**YOUR INSTRUCTIONS**:
Pictures in the entries below are excluded; copy only the lines from the one containing "Item preview, Original" to the one containing "KINGART 809-2 Stretched", both included.
───── LISTED ENTRIES
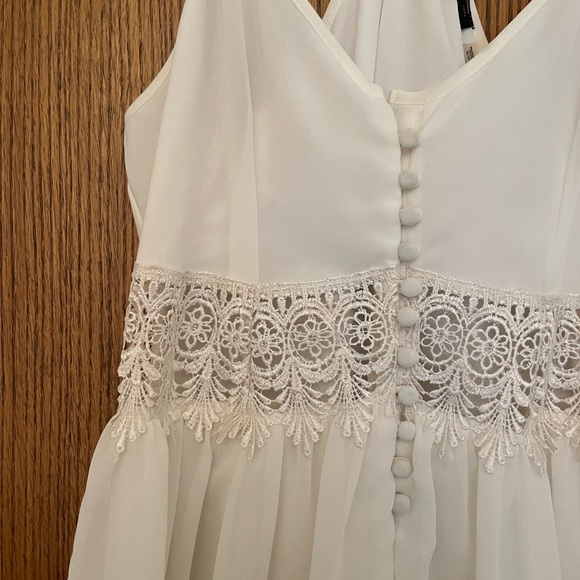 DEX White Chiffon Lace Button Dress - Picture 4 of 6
──────────
───── LISTED ENTRIES
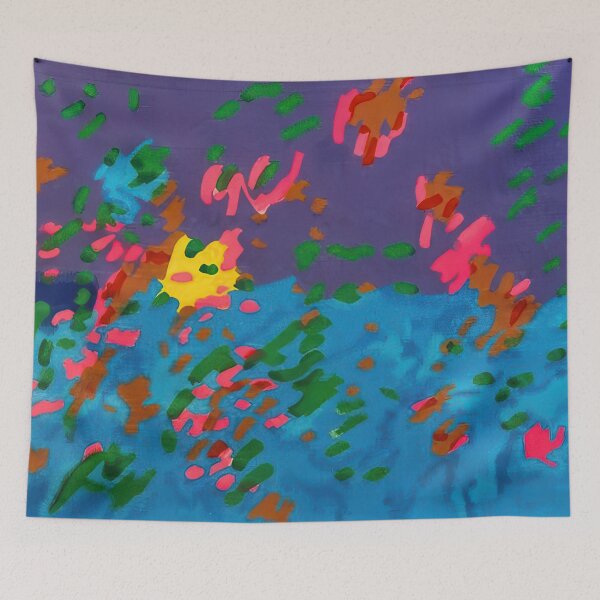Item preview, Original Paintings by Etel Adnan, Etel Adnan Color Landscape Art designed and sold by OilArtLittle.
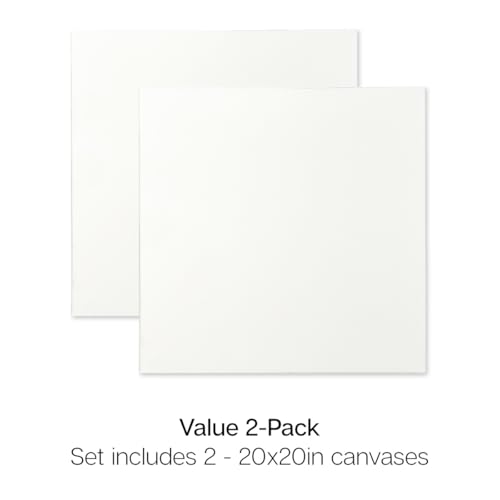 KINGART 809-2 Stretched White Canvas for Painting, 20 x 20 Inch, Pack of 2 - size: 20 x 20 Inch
──────────
**ANSWER TO THIS EXERCISE**:
Item preview, Original Paintings by Etel Adnan, Etel Adnan Color Landscape Art designed and sold by OilArtLittle.
 KINGART 809-2 Stretched White Canvas for Painting, 20 x 20 Inch, Pack of 2 - size: 20 x 20 Inch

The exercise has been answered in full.